As heat pump installations climb past one million across Britain, the body responsible for keeping the lights on is turning to artificial intelligence to predict exactly where, and when, the electricity grid is most likely to buckle. With Ofgem’s backing, the National Energy System Operator (NESO, formerly National Grid ESO) has begun a winter trial of a forecasting model dubbed the “Grid Co-Pilot” — software designed to anticipate localised demand spikes street by street and defer billions of pounds in physical network upgrades. The pitch is seductive: smarter software instead of dug-up roads. But energy analysts warn the technology could quietly redistribute the risk of blackouts toward the households least able to push back.

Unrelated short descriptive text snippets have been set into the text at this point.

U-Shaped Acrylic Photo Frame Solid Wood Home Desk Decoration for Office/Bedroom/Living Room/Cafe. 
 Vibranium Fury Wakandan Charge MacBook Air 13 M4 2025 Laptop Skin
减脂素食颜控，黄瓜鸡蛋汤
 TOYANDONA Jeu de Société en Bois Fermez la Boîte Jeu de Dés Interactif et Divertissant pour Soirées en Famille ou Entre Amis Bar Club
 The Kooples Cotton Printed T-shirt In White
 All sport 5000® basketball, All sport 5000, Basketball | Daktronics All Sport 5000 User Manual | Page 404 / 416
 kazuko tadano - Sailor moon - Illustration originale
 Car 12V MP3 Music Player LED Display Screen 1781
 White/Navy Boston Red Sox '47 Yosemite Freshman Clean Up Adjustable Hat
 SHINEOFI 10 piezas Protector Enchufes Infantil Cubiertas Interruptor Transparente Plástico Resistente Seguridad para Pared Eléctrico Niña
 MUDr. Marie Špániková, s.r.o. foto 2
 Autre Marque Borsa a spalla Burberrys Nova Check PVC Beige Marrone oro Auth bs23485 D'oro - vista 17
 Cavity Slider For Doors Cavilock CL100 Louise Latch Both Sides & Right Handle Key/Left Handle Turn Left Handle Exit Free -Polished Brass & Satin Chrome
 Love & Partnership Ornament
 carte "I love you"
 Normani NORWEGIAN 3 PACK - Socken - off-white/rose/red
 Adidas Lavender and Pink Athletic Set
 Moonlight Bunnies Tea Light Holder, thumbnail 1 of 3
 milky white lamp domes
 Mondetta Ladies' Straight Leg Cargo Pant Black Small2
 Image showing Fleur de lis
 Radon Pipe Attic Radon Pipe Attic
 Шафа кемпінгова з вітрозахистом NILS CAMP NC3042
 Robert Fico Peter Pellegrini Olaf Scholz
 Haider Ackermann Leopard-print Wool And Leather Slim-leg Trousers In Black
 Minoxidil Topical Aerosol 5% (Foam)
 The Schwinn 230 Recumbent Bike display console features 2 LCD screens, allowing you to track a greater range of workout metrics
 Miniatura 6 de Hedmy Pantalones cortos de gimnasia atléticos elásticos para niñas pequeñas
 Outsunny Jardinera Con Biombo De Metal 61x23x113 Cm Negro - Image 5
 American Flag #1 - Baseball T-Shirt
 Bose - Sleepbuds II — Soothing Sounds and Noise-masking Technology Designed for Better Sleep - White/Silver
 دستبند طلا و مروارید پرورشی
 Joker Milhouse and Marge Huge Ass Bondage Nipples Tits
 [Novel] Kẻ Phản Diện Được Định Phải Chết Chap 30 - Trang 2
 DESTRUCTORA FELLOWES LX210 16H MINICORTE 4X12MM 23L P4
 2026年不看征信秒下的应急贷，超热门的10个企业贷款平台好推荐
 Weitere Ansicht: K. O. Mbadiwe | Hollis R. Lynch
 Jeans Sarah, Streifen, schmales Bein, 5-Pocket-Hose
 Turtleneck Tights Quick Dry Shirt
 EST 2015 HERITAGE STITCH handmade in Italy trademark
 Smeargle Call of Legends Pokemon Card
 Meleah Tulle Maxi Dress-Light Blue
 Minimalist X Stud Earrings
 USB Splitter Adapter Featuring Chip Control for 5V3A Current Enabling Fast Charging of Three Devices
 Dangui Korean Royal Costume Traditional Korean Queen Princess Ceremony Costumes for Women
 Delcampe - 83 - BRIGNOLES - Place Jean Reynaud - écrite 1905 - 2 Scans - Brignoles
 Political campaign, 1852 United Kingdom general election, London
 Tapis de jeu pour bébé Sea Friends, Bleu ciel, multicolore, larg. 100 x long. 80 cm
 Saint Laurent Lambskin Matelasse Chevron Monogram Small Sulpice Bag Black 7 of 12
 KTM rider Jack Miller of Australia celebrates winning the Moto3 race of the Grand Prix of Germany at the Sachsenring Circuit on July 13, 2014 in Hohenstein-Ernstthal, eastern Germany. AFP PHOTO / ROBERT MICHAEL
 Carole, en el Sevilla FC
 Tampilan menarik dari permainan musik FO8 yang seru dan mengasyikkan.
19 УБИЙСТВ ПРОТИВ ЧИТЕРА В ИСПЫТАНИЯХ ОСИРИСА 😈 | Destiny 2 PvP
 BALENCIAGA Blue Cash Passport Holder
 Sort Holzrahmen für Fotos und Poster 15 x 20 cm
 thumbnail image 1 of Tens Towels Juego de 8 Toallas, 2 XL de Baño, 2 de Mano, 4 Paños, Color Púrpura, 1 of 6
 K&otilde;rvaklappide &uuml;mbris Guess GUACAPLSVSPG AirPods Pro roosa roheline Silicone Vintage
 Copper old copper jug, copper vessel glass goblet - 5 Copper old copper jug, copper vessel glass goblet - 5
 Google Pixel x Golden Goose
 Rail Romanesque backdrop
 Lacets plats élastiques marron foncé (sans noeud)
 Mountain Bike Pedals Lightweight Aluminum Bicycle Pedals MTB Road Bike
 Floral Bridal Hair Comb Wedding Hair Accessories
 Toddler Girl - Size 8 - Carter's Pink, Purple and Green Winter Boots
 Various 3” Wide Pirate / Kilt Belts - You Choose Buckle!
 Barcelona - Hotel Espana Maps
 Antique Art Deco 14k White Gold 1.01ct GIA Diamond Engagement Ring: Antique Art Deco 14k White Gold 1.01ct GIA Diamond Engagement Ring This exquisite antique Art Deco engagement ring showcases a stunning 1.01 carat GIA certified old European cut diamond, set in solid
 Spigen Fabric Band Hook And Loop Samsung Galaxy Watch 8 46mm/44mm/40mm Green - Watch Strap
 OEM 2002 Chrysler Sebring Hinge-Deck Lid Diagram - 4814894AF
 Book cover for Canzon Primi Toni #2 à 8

Why heat pumps are stressing local networks
The strain is not at the national level, where Britain typically has ample generation, but in the low-voltage “last mile” — the substations and cables serving a few hundred homes each. A gas boiler draws nothing from the grid; a cold-snap heat pump can pull 3 to 6 kilowatts continuously. When dozens of neighbours fire up heat pumps on the same frigid January evening, demand on a single substation can double in minutes.
“The distribution network was sized for an era of evening kettle peaks, not whole streets electrifying their heating simultaneously,” said Dr Priya Nandakumar, a power systems researcher at the University of Strathclyde. “The aggregate national picture looks comfortable. It’s the postcode-level coincidence of demand that triggers a transformer overload — and that’s historically been invisible to operators in real time.”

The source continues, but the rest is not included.